In this numerical study, an original approach to simulate non-isothermal viscoelastic fluid flows at high Weissenberg numbers is presented. Stable computations over a wide range of Weissenberg numbers are assured by using the root conformation approach in a finite volume framework on general unstructured meshes. The numerical stabilization framework is extended to consider thermo-rheological properties in Oldroyd-B type viscoelastic fluids.

The temperature dependence of the viscoelastic fluid is modeled with the time–temperature superposition principle. Both Arrhenius and WLF shift factors can be chosen, depending on the flow characteristics. The internal energy balance takes into account both energy and entropy elasticity. Partitioning is achieved by a constant split factor.

An analytical solution of the balance equations in planar channel flow is derived to verify the results of the main field variables and to estimate the numerical error.
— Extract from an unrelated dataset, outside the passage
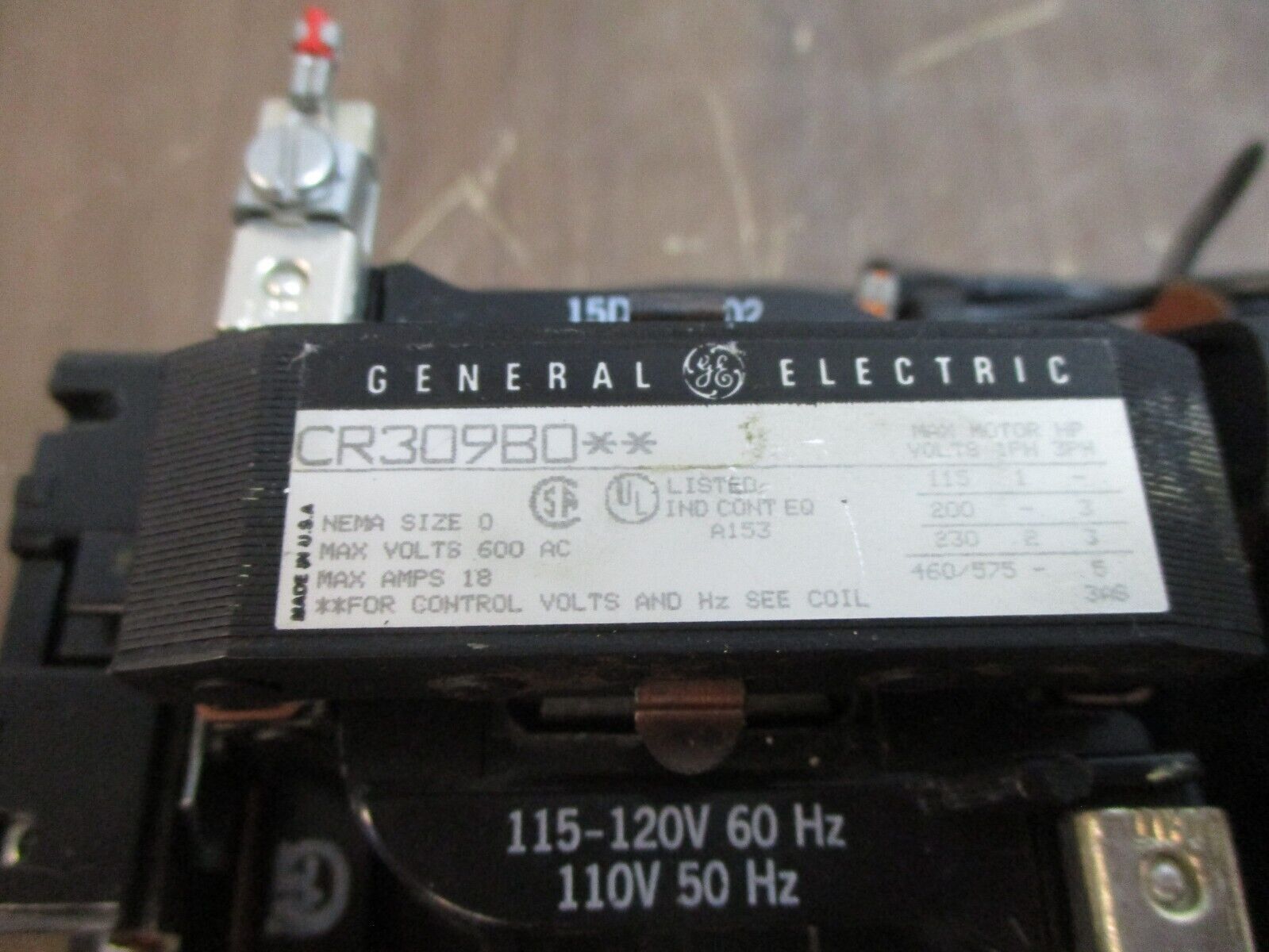 GE Size 0 Reversing Starter CR309B0** 115-120V Coil Used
The more complex entry flow of a polyisobutylene-based polymer solution in an axisymmetric 4:1 contraction is studied and compared to experimental data from the literature. We demonstrate the stability of the method in the experimentally relevant range of high Weissenberg numbers. The results at different imposed wall temperatures, as well as Weissenberg numbers, are found to be in good agreement with experimental data.
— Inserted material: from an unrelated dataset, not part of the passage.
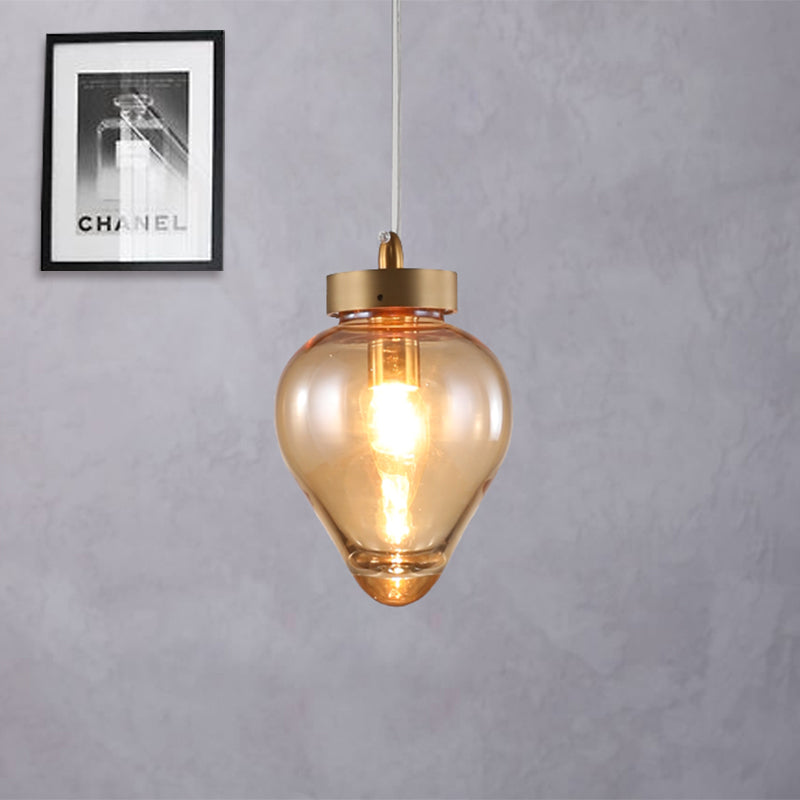 Waterdrop Pendant Dining Room Light - Blue/Champagne Glass Modern Ceiling Lamp Champagne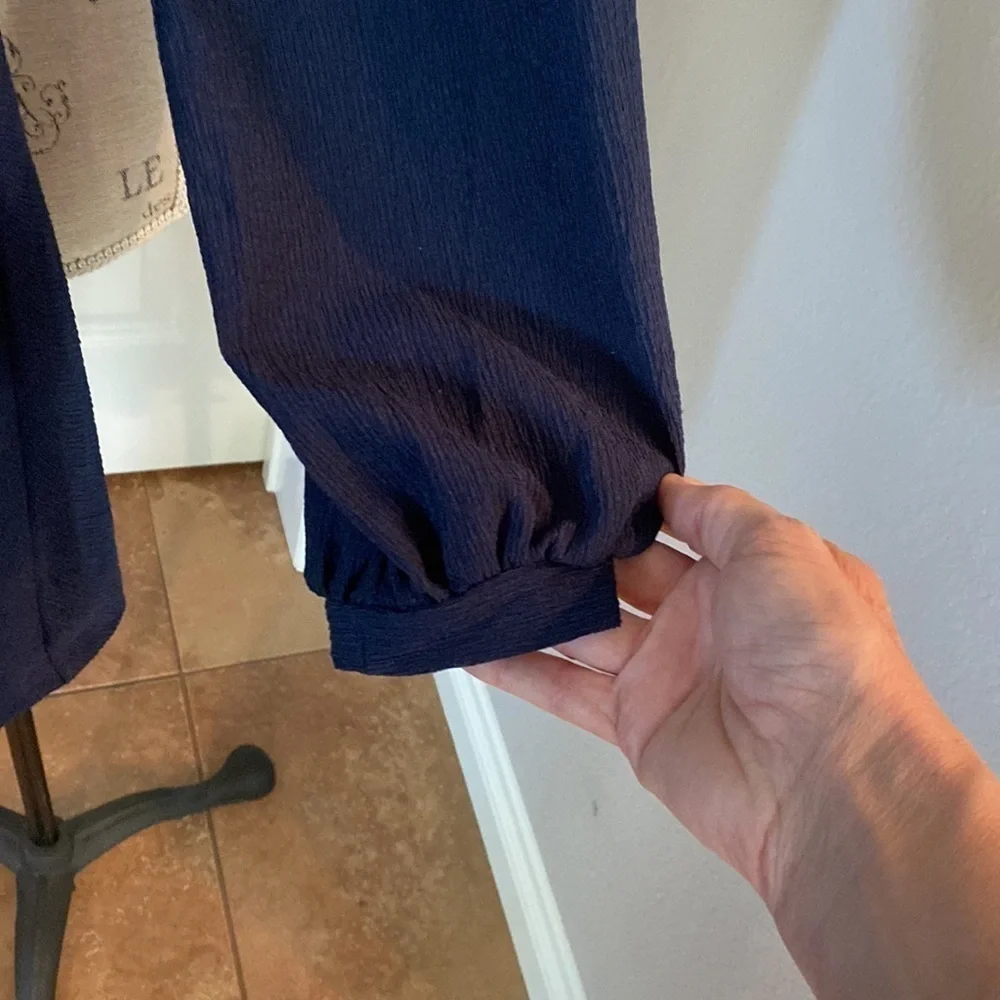 B Smart Navy Crepe Long  sleeved Mini dress size 3 - Picture 5 of 6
在此数值研究中，提出了一种模拟高Weissenberg数下非等温粘弹性流体流动的原始方法。通过在普通非结构化网格上的有限体积框架中使用根构象方法，可以确保在广泛的魏森伯格数范围内进行稳定的计算。扩展了数值稳定框架，以考虑Oldroyd-B型粘弹性流体的热流变性。

粘弹性流体的温度依赖性是用时间-温度叠加原理建模的。可以根据流量特性选择Arrhenius和WLF偏移因子。内部能量平衡考虑了能量和熵弹性。通过恒定的拆分因子实现分区。

推导了平面通道流动平衡方程的解析解，以验证主场变量的结果并估计数值误差。研究了在轴对称4：1收缩中更复杂的聚异丁烯基聚合物溶液的进入流，并将其与文献中的实验数据进行了比较。我们在高Weissenberg数的实验相关范围内证明了该方法的稳定性。发现在不同施加的壁温以及魏森伯格数下的结果与实验数据非常吻合。